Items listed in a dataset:
----------------------------------------

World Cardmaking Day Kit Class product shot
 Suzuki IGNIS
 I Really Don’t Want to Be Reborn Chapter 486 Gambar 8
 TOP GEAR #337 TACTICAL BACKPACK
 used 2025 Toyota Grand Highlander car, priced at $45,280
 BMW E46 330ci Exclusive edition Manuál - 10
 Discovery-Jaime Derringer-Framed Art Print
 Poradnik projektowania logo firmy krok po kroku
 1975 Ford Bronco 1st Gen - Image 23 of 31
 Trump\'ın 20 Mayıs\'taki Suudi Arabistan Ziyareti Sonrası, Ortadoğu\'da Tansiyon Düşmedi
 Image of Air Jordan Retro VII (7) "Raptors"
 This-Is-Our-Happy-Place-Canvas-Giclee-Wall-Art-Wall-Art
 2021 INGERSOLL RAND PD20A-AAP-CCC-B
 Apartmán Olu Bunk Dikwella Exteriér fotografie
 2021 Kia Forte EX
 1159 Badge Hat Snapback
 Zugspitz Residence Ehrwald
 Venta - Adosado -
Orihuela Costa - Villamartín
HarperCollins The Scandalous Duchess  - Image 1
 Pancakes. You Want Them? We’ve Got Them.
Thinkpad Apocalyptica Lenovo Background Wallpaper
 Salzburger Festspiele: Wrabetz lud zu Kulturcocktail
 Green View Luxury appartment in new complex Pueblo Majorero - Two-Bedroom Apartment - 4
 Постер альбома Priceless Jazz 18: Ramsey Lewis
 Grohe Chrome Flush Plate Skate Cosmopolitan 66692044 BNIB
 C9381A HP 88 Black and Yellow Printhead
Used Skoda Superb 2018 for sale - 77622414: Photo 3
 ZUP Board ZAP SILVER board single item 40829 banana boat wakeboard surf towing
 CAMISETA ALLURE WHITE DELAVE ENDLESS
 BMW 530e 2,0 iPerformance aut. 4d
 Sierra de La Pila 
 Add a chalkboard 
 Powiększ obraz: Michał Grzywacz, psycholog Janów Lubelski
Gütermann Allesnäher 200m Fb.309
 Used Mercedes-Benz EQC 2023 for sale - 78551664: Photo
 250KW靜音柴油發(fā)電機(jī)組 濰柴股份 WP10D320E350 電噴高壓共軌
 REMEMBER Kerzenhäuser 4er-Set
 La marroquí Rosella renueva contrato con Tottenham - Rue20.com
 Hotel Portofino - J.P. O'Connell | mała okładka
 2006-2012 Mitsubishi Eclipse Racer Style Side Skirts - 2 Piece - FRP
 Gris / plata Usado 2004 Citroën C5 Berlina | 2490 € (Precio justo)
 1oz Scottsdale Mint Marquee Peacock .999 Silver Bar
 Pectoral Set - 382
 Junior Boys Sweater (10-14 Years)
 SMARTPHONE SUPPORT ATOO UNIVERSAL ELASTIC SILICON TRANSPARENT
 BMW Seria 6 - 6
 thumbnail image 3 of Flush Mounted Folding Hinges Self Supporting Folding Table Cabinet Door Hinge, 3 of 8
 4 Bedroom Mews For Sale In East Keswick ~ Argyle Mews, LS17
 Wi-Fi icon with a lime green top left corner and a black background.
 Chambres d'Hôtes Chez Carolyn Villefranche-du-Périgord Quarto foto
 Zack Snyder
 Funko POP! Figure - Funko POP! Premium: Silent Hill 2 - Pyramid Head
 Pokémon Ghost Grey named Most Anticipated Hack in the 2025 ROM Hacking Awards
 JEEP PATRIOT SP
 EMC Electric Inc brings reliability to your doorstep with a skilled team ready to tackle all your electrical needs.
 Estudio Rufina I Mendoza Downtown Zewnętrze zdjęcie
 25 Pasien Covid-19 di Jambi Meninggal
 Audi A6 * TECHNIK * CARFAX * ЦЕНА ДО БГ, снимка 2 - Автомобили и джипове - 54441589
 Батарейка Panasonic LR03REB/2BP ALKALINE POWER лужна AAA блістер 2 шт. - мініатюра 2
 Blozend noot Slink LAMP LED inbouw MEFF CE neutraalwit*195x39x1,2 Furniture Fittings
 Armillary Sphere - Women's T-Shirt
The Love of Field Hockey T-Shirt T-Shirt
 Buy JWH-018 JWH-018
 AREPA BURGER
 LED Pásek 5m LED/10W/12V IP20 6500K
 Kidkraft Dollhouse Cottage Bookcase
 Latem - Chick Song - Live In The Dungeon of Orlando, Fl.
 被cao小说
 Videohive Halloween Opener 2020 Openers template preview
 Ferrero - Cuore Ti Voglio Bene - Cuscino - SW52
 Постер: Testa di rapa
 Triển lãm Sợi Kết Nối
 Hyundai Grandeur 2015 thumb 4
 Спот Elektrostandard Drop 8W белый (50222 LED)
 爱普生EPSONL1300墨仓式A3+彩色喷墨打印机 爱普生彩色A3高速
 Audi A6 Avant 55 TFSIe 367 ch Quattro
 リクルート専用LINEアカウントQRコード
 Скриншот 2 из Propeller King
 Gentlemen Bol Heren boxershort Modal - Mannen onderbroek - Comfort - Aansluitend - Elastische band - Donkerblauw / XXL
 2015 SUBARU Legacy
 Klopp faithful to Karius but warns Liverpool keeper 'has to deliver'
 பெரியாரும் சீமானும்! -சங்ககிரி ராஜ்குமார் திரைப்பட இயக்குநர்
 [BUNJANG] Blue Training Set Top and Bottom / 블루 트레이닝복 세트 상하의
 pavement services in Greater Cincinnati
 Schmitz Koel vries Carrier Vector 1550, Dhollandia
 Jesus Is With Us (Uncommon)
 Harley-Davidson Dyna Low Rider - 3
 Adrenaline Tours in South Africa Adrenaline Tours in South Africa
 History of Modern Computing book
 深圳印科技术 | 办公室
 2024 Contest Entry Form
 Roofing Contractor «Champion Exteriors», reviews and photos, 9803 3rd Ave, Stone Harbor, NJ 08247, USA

----------------------------------------

* DESCRIPTION OF THE TASK *
Scan the records above for the lines holding "This-Is-Our-Happy-Place-Canvas-Giclee-Wall-Art-Wall-Art" and "Orihuela Costa - Villamartín". Transcribe those two and every line between them word for word, and no others.

* SOLUTION FOR THIS TASK *
 This-Is-Our-Happy-Place-Canvas-Giclee-Wall-Art-Wall-Art
 2021 INGERSOLL RAND PD20A-AAP-CCC-B
 Apartmán Olu Bunk Dikwella Exteriér fotografie
 2021 Kia Forte EX
 1159 Badge Hat Snapback
 Zugspitz Residence Ehrwald
 Venta - Adosado -
Orihuela Costa - Villamartín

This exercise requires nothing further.